- **How to complete this task**
Your copy of the entries below should hold exactly the lines from the one containing "Ellerton Cornflower embroidered" to the one containing "Bronze dragonfly sculpture on marble base", inclusive, and no pictures.

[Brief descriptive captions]
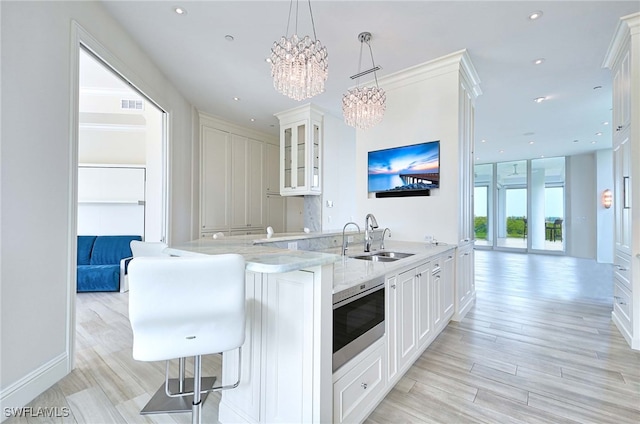 kitchen with stainless steel microwave, sink, decorative light fixtures, white cabinetry, and kitchen peninsula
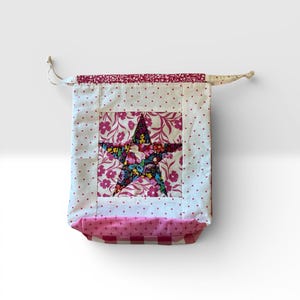Pode incluir: Uma bolsa de tecido artesanal com um desenho de estrela. A estrela &eacute; feita de tecido floral e est&aacute; centrada em um quadrado branco. A bolsa tem um padr&atilde;o de bolinhas rosa e uma parte inferior xadrez rosa e branca.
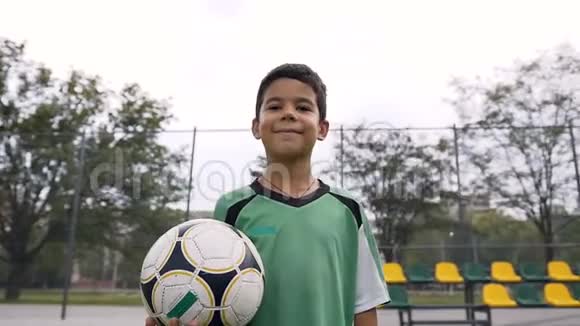 微笑的男孩带着足球看着相机视频的预览图
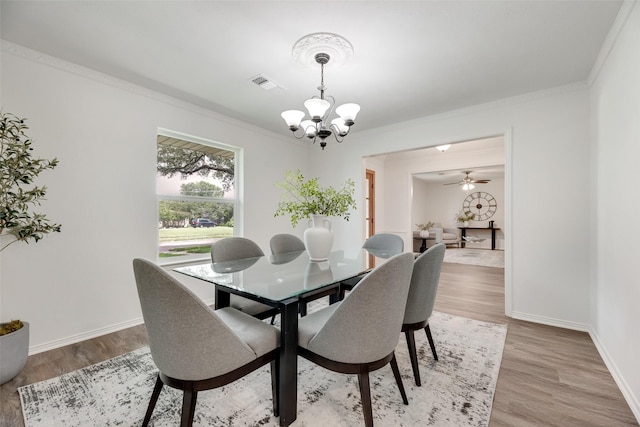 dining area with a chandelier, crown molding, light wood finished floors, and baseboards
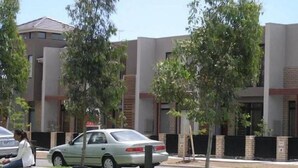 A modern building with a flat roof and brick facade, surrounded by green trees and a parked car. - Insaa Serviced Apartments Dandenong (Dandenong)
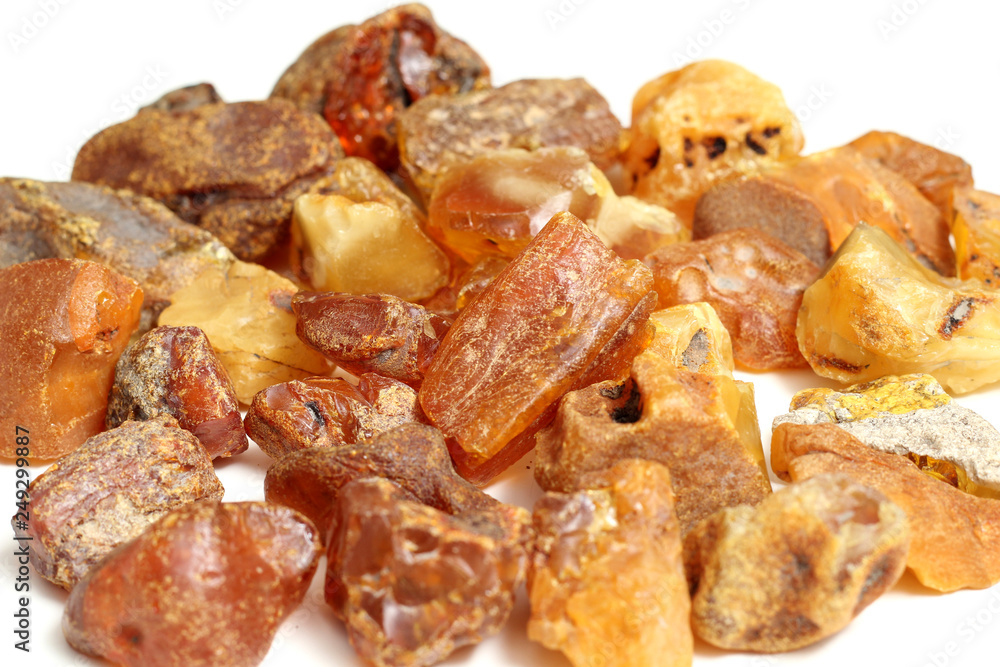 Natural raw amber stone isolated on white background. Multiple amber gemstone in various shapes and colour. Jewelry components. Natural raw amber stone isolated on white background. Multiple amber gemstone in various shapes and colour. Jewelry components.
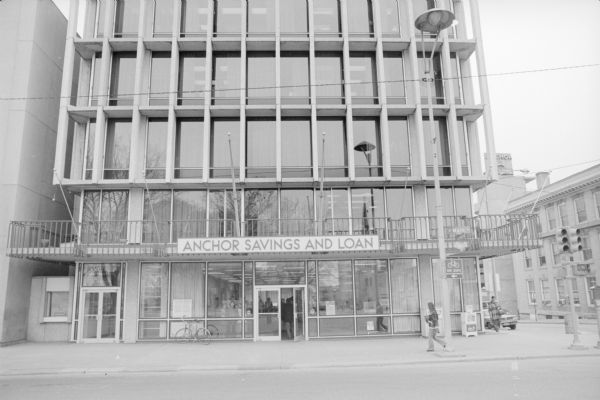 View across West Main Street, on the corner of South Hamilton Street, towards the Anchor Savings and Loan and office building. The largely glass building is reflecting the trees from Capitol Square across the street. Pedestrians are walking by on the street or into the building. One woman is standing inside the building on the ground floor looking out.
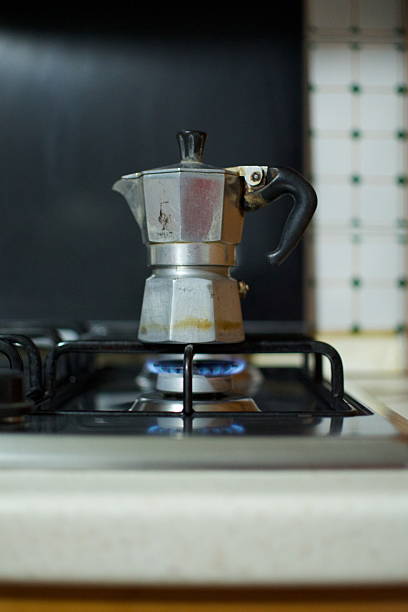 istock an old functional italian moka coffee machine on gas stove 2208686710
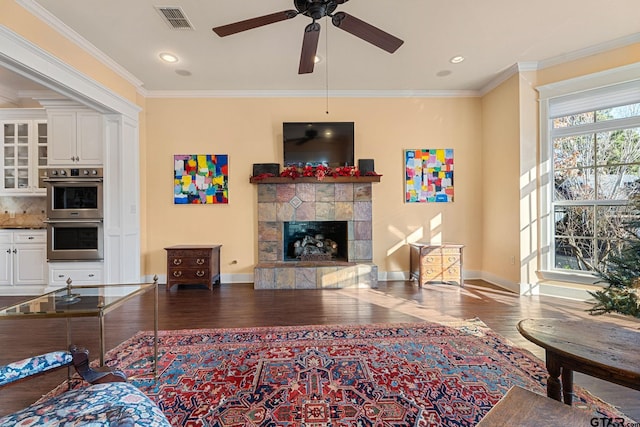 living room with a fireplace, wood-type flooring, ceiling fan, and ornamental molding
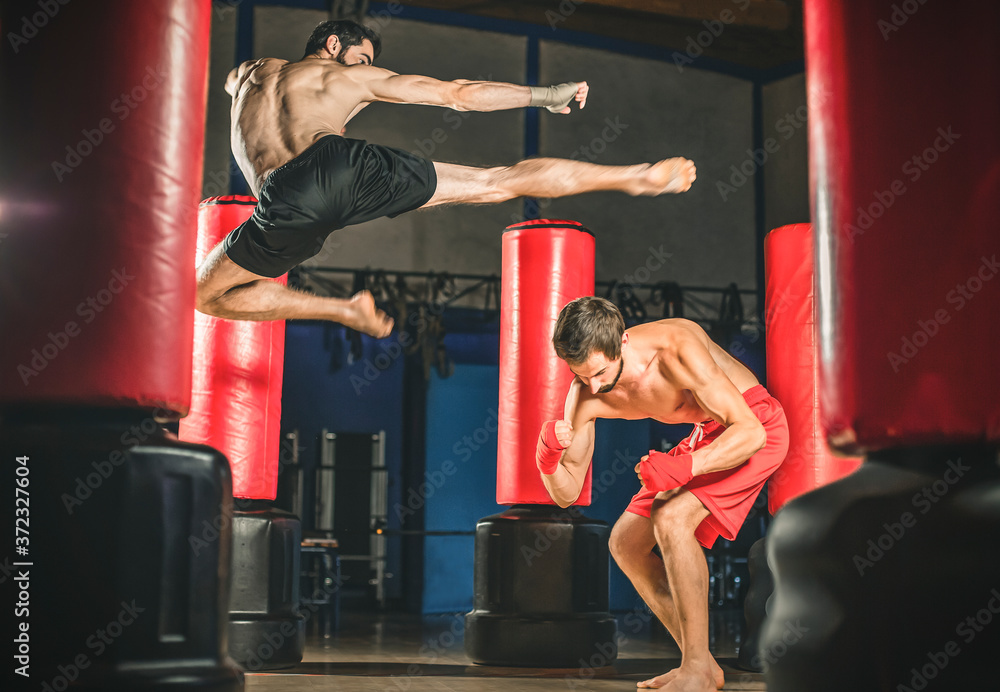 Kickboxer kick in the air against the opponent.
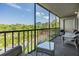 Outdoor balcony with seating area and screened in protection, offering scenic views of the surrounding landscape at 2700 Cove Cay Dr # 5-G, Clearwater, FL 33760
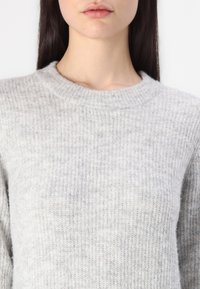 Maglione grigio lavorato a maglia con una texture a coste, scollo rotondo e tessuto morbido. Design leggero e senza cuciture, ideale per sovrapporre.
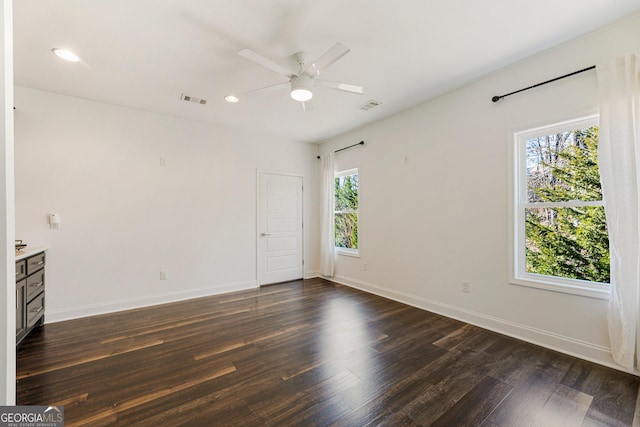 unfurnished room featuring ceiling fan and dark hardwood / wood-style flooring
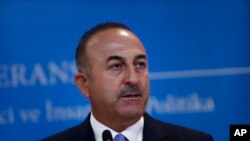 FILE - Turkey's Foreign Minister Mevlut Cavusoglu, listens to a reporter's question during a joint news conference with Russia's Foreign Minister Sergey Lavrov (not pictured), in Ankara, Turkey, Aug. 14, 2018.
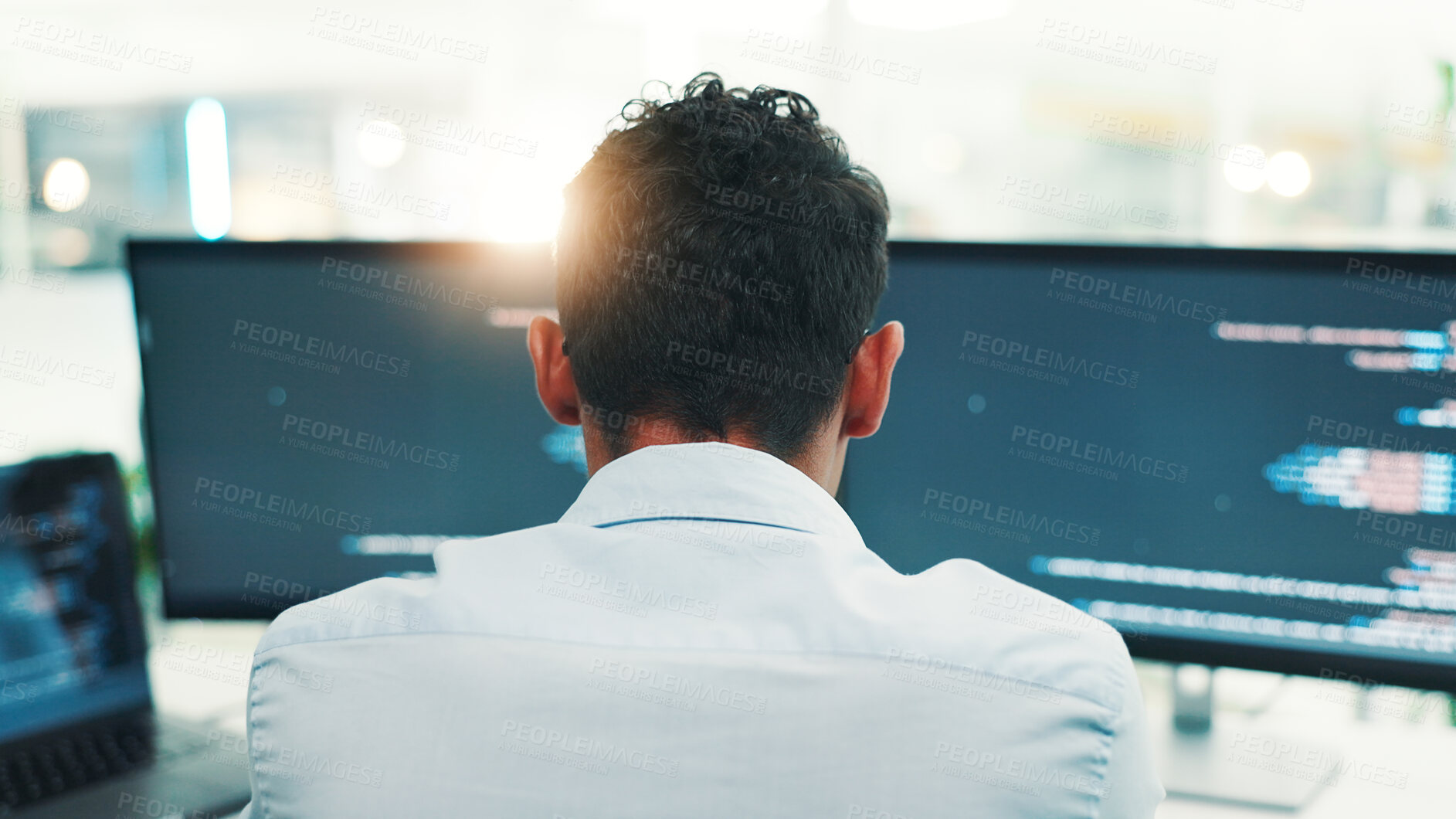 Buy stock photo Programmer, man and computer screen with reading in office for writing code, planning digital software and debugging. Back, programming and employee with data analytics for app development or testing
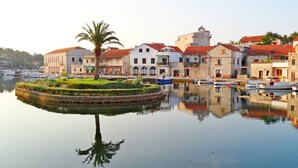 A waterfront town with historic buildings, a central palm tree, and calm water reflecting the architecture. - House Tia (Vrboska)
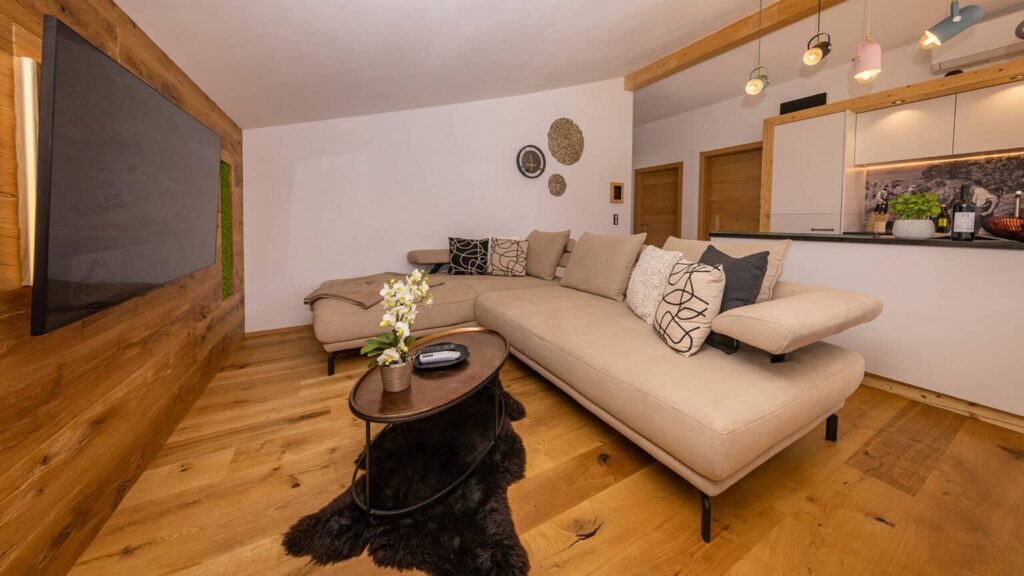 Penthouse living area with kitchen island, smart TV and dishwasher
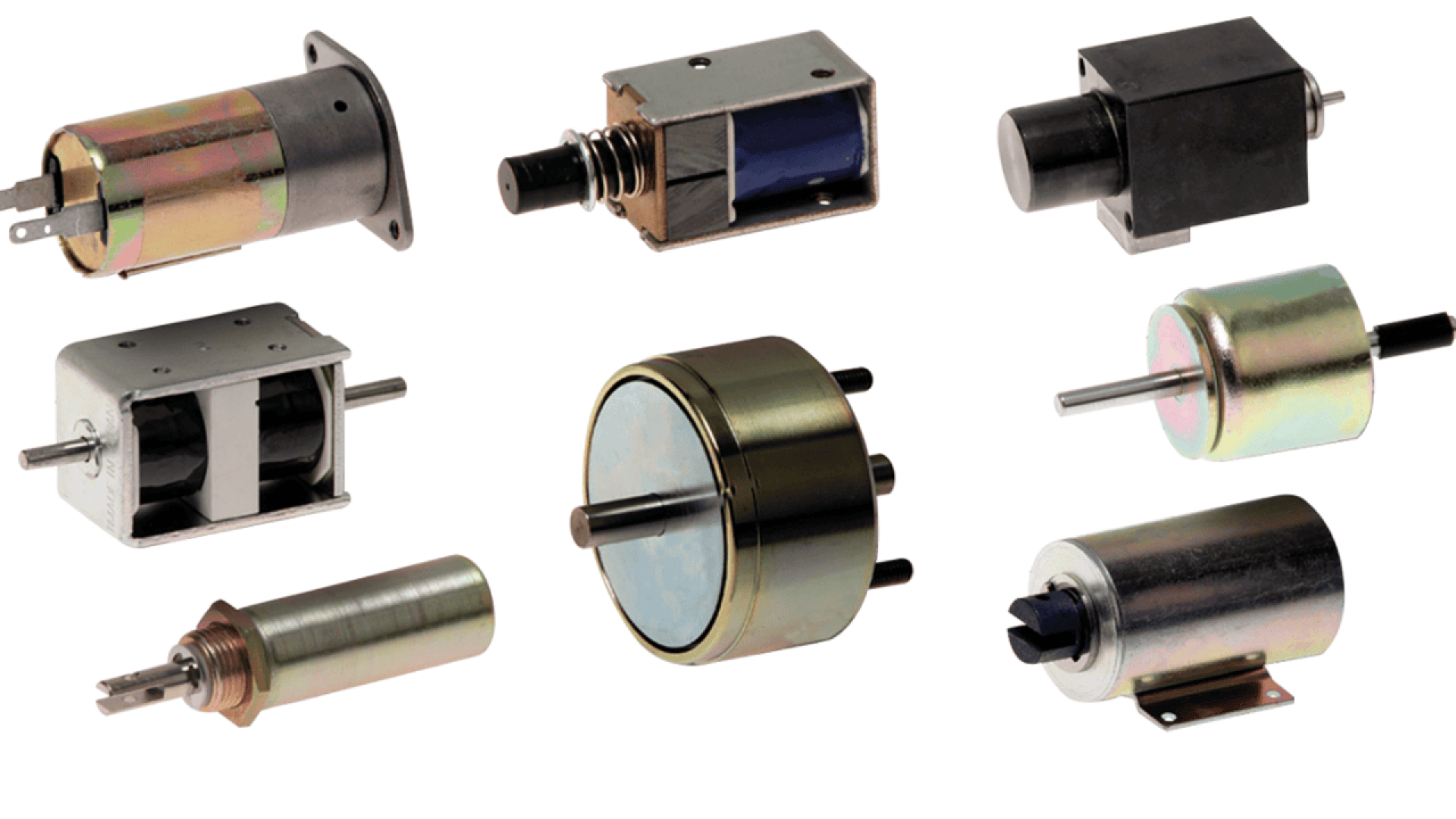 A collection of seven different metal solenoids and actuators of various shapes and sizes, arranged on a white background.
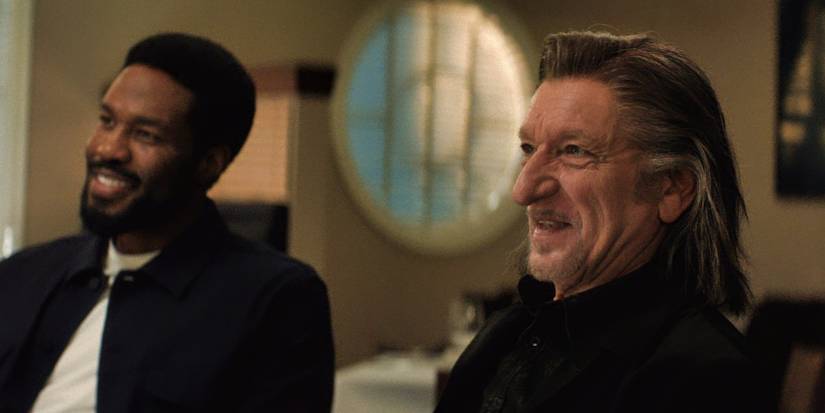 Yahya Abdul-Mateen II and Ben Kingsley laughing and looking in the same direction in Wonder Man Episode 7.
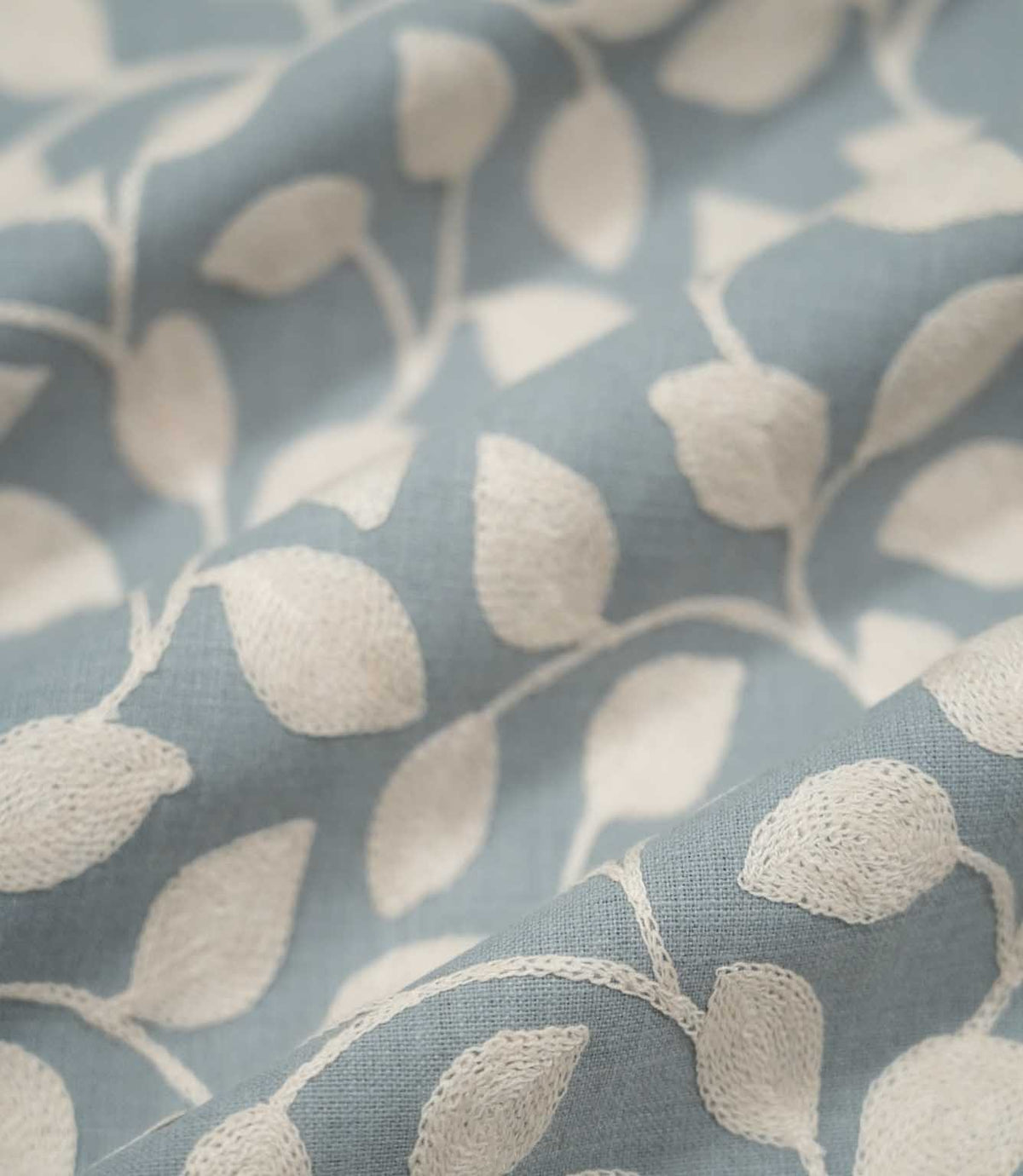 Ellerton Cornflower embroidered fabric arranged in gentle flowing folds, with cream foliage embroidery sweeping across the cornflower blue woven ground, showing the botanical pattern, textured stitching and soft drape suitable for curtains, blinds, cushions and decorative upholstery.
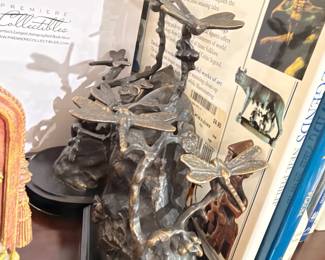 Bronze dragonfly sculpture on marble base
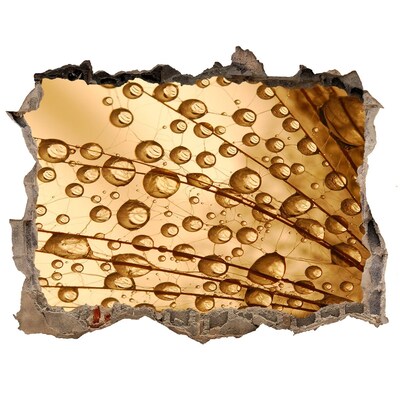 Hole wall sticker A golden drop on the concrete background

- **The answer**
 Ellerton Cornflower embroidered fabric arranged in gentle flowing folds, with cream foliage embroidery sweeping across the cornflower blue woven ground, showing the botanical pattern, textured stitching and soft drape suitable for curtains, blinds, cushions and decorative upholstery.
 Bronze dragonfly sculpture on marble base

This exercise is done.